Paris museum seeks to tell the story of how immigration shaped modern France
The new exhibition at the French National Immigration History Museum, which reopened in June, seeks to provoke reflection on French identity in a context of the rise of the extreme right
The history of France is also the history of all those who have arrived over the passage of time to live on French territory, dating back as far as the 17th century. At least that is one of the messages that the French National Immigration History Museum in Paris, which reopened its doors this summer after a three-year renovation, is seeking to put across. Through a chronological tour, the museum’s new collection aims to tell the story of how the country has been built through the contribution of its millions of immigrants. A common and sometimes tumultuous history that, according to the institution, helps to provide understanding of an essential part of the French identity and to break down prejudices in the context of the rise of the extreme right.
“France cannot be understood without immigration.
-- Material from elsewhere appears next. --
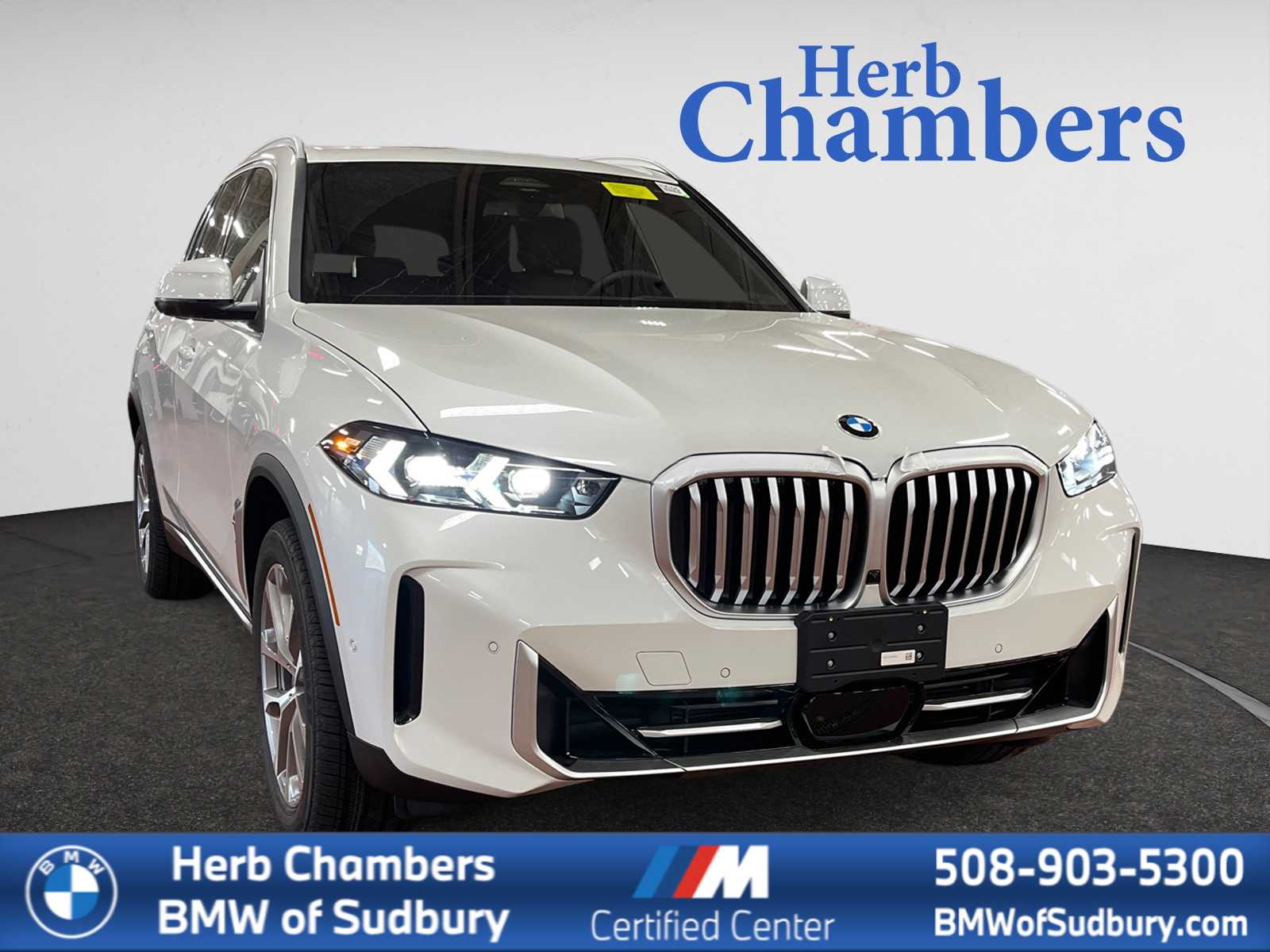 new 2026 BMW X5 car, priced at $76,975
One third of French people are of immigrant origin. It is part of our history and even of the construction of the country and of the French spirit,” says Constance Rivière, general manager of the Porte Dorée Palace that houses the museum. The imposing art deco building, in the southeast of Paris, holds its own significance. It was built in 1931 for the Paris Colonial Exposition and its façade features an impressive bas-relief gallery, which sought to exalt the colonial power that France was at the time.
The exhibition focuses precisely on that colonial past, although it begins more than 200 years earlier, in 1685. On that date, King Louis XIV promulgated the so-called Code Noir (Black Code), a decree regulating the slave trade in the French West Indies and defining slaves as objects, not people. On the wall of the first room, one fact stands out: more than 1.4 million Africans were deported by France to its colonies between 1642 and 1848. The exhibition then goes into other details, such as the ban established in 1777 on “colored people” entering French territory unless they worked for a white person. Little by little, the exhibition lays out the way in which the requirements to be a French citizen were defined and redefined.
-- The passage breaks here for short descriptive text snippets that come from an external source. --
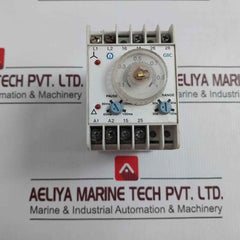 Gic 74sdt0 Micon Electronic Timer 240/415 Vac 50/60hz 5a 30/60/90/120 Sec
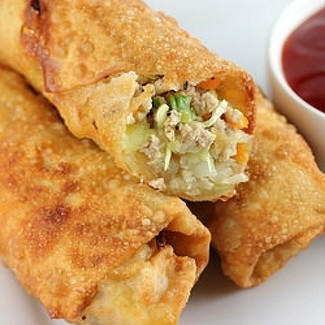 lumpia panas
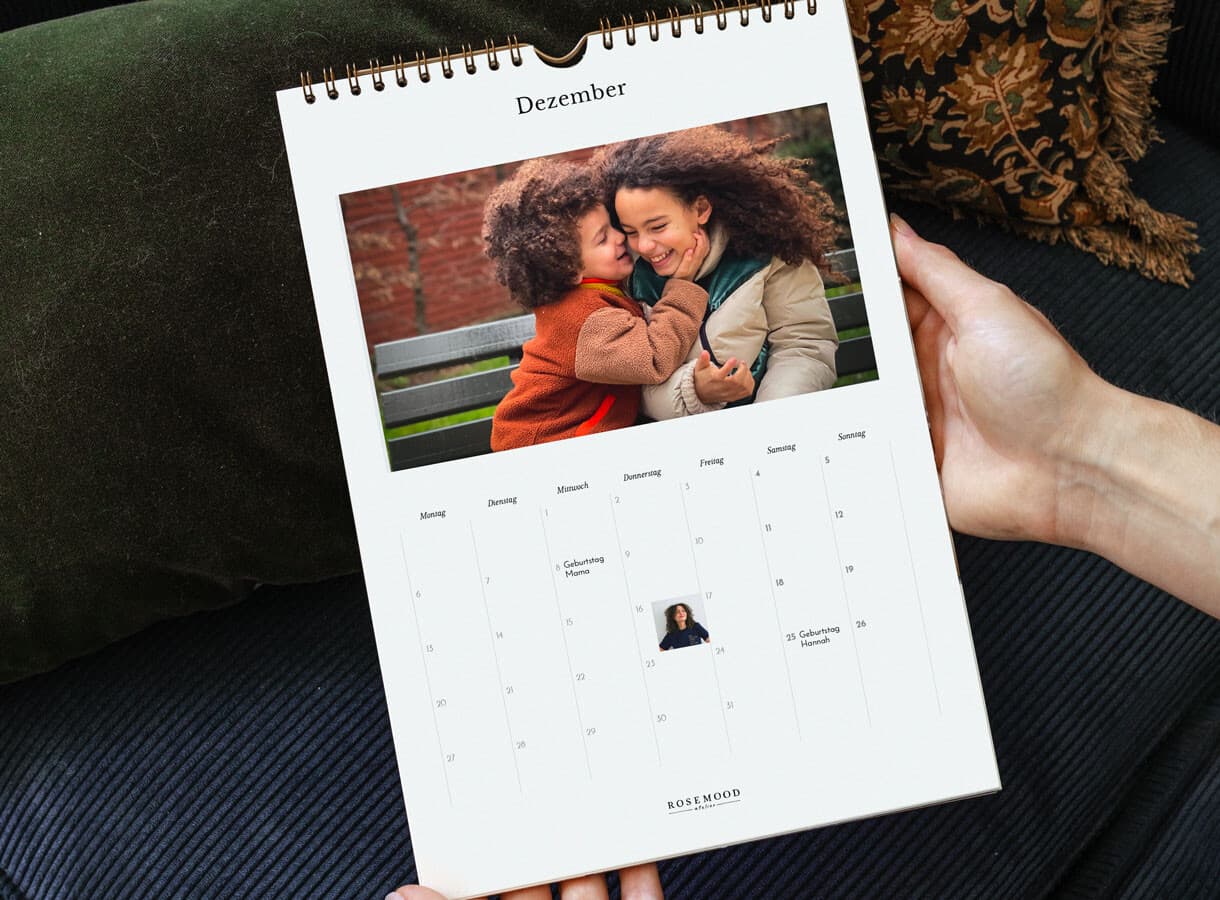 Terminkalender A4 Format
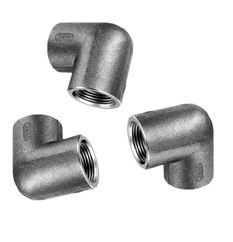 Mild Steel Pipe Fittings Supplier in India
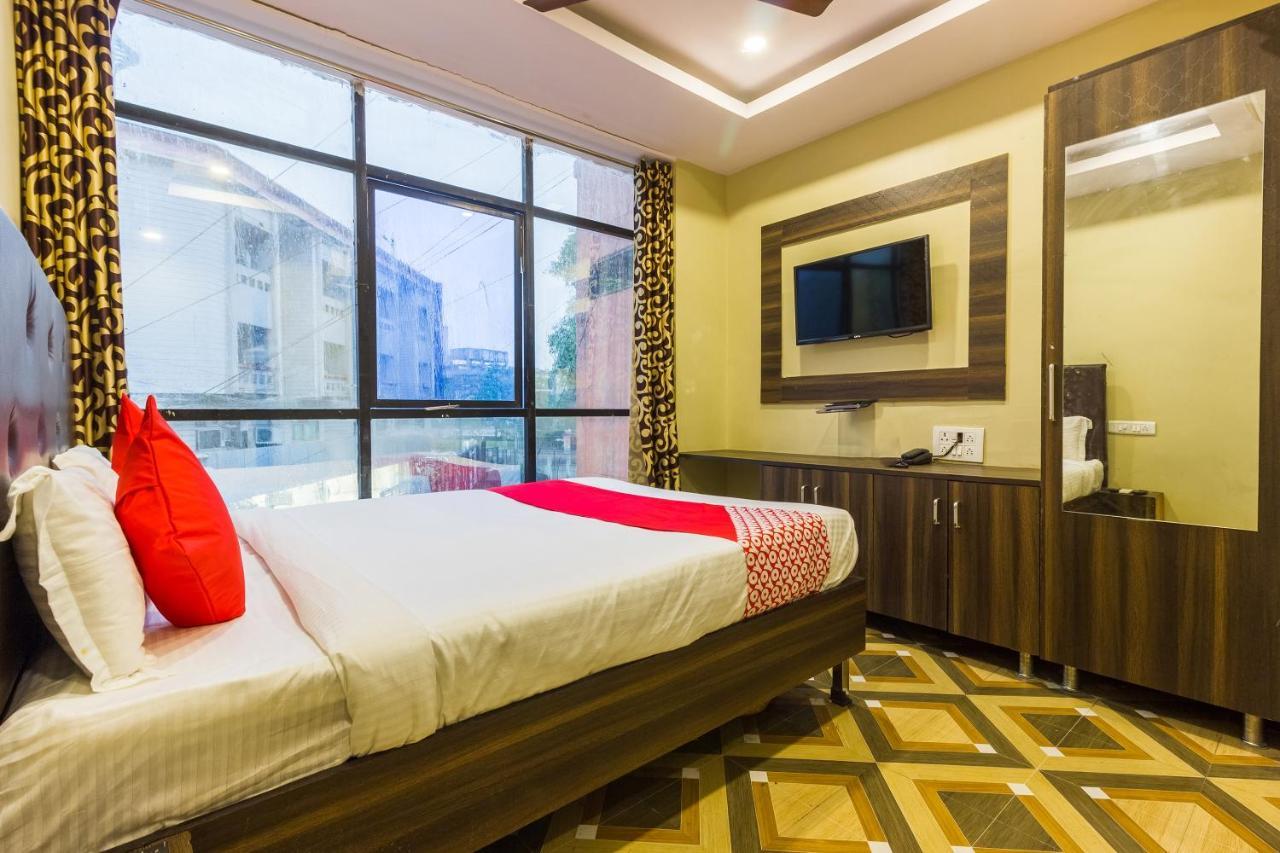 Oyo 41665 Hotel Grand Marvel Residency Hyderabad Exterior foto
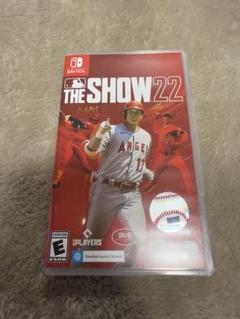 希少品⭐️MLB The Show 22 Nintendo Switch 輸入品 MLB The Show 22 - Nintendo Switch for sale online | eBay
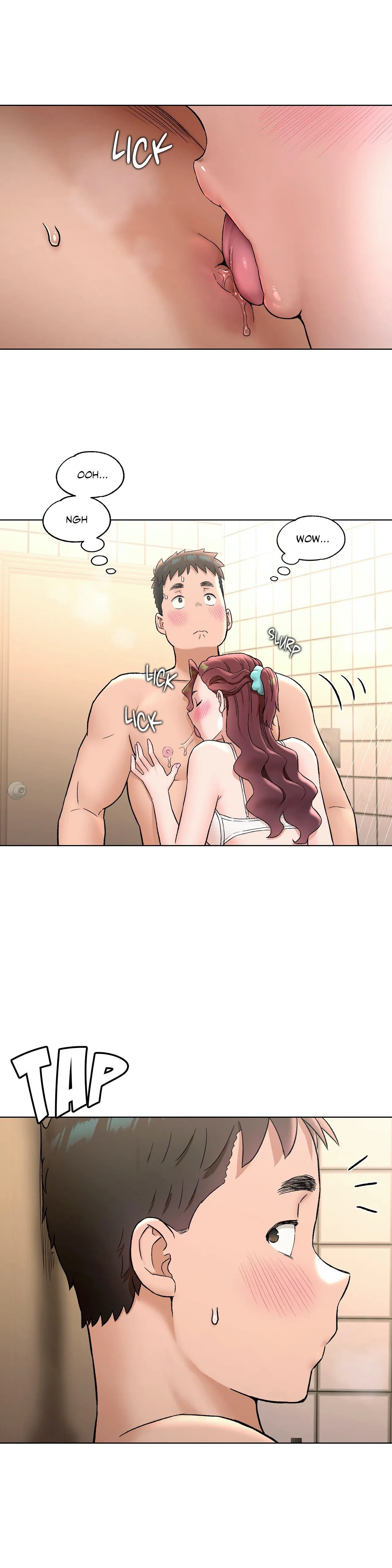 Sexercise Chapter 70 – page 9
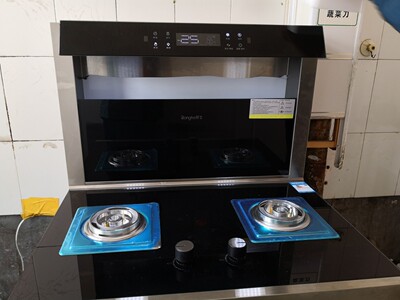 深入谈谈奥克斯X561B集成灶怎么样?用后13天客观说优缺点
“There are many people who are immigrants today, but who at a certain time were considered French nationals. I am thinking in particular of Algerians,” says Rivière, who succeeded former education minister Pap Ndiaye and worked in the cabinet of former socialist president François Hollande. Algeria, a French colony from 1830 to 1962, occupies a key place in the exhibition. Its citizens were considered neither French nor foreign, but “indigenous,” “French subjects” and later “French Muslims of Algeria.”
“We don’t count as human beings here”
The exhibition mixes history and personal experience. It tells the story of the Senegalese Tirailleurs (sharpshooters) recruited by France to fight in World War II and of the foreigners who participated in the resistance. Between 1947 and 1975, the number of foreigners in France doubled to 3.4 million, during an era when cheap labor formed the backbone of the country’s post-war reconstruction.
Migrants took the jobs that the French did not want, such as the Spanish maids, portrayed in photos and in a documentary filmed in 1969, in which a young Galician migrant describes her work and living conditions as an employee of a wealthy family in Paris. “We live in a family, but we don’t feel like a family. When everyone is together at mealtime, we are alone in the kitchen. This family atmosphere is forbidden to us,” she recounts. “We don’t count as human beings here,” she adds, as images of the large apartment where she works scroll by.
Between 1964 and 1979, the country also welcomed 15,000 political exiles from Latin America, mainly Brazilians, Argentines, Uruguayans and Chileans. Then came some 13,000 refugees who fled Vietnam by sea after the war. But the reception conditions, the exhibition points out, were not always ideal, and neither were the often-unsanitary places where migrant workers were housed. This situation led to major social protests in defense of the rights of migrant workers and, later, against violence and crimes against immigrants, which were on the rise at a time of stricter immigration policies in the context of an economic crisis.
“Between 1945 and 1980, there was no law on immigration. Between 1980 and today, there is a new law almost every two years. It has become a political fact and the museum has to draw attention to it. It is part of France’s relationship with immigration,” explains Rivière.
The emergence of the ‘banlieues’
The museum also focuses on two key moments in 1983, when the far-right National Front party — now Marine Le Pen’s National Rally — won its first municipal election victories with an openly anti-immigrant discourse. At the same time, in the southern city of Marseille, a group of 32 people started a march for equality and against racism that ended weeks later in Paris with a demonstration numbering some 100,000 people. The protest shook French society and constituted the first political eruption of second-generation immigrants.
The exhibition also devotes space to the emergence of the banlieues and how they began to insert themselves into the political debates of the 1980s when these suburbs, populated mainly by the children and grandchildren of immigrants from the Maghreb and Africa, experienced their first outbreaks of violence and clashes with police forces. These flared up again two months ago after a 17-year-old of Moroccan and Algerian descent was shot and killed by a policeman in the Paris suburb of Nanterre.
To mark its reopening, the museum launched a publicity campaign with posters that read: “It is incredible how many foreigners have made French history.” One of them portrayed the monarch Louis XIV, the “Sun King,” who reigned for 72 years. In small type and in brackets, it added: “Spanish mother, Austrian grandmother.”